- **Records for processing**
○ ○ ○ ○
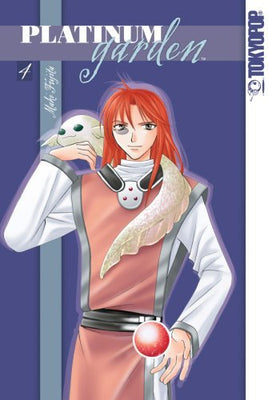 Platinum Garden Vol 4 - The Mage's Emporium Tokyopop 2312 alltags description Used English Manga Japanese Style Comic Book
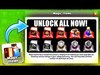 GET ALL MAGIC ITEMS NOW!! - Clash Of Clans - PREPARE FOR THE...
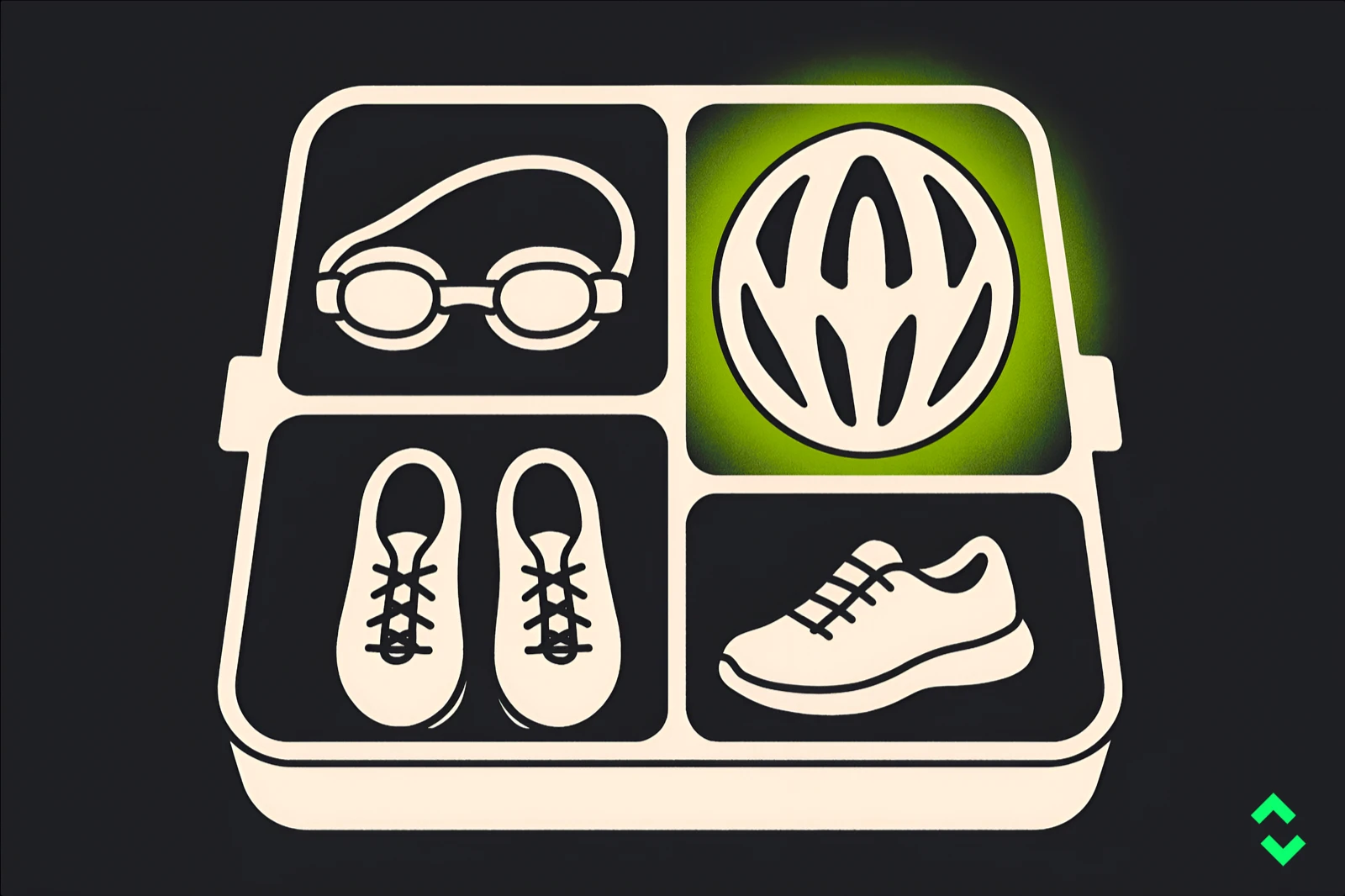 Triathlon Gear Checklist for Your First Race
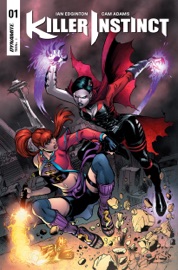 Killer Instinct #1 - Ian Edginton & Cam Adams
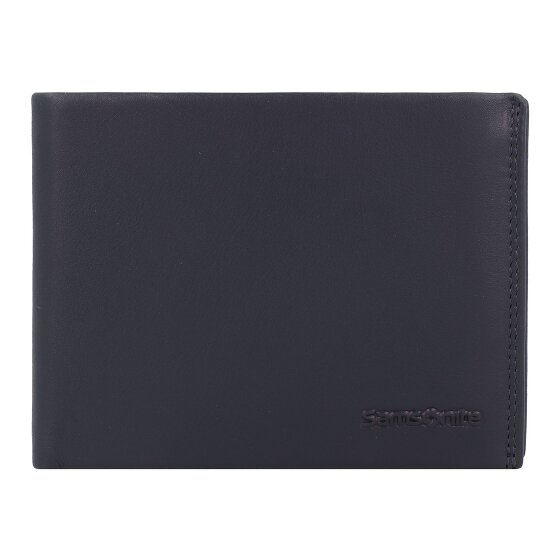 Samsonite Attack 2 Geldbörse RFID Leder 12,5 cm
○ ○ ○ ○
- **Task brief**
Before you return the listing exactly, strip out its pictures.

- **Solved exercise**
 Platinum Garden Vol 4 - The Mage's Emporium Tokyopop 2312 alltags description Used English Manga Japanese Style Comic Book
 GET ALL MAGIC ITEMS NOW!! - Clash Of Clans - PREPARE FOR THE...
 Triathlon Gear Checklist for Your First Race
 Killer Instinct #1 - Ian Edginton & Cam Adams
 Samsonite Attack 2 Geldbörse RFID Leder 12,5 cm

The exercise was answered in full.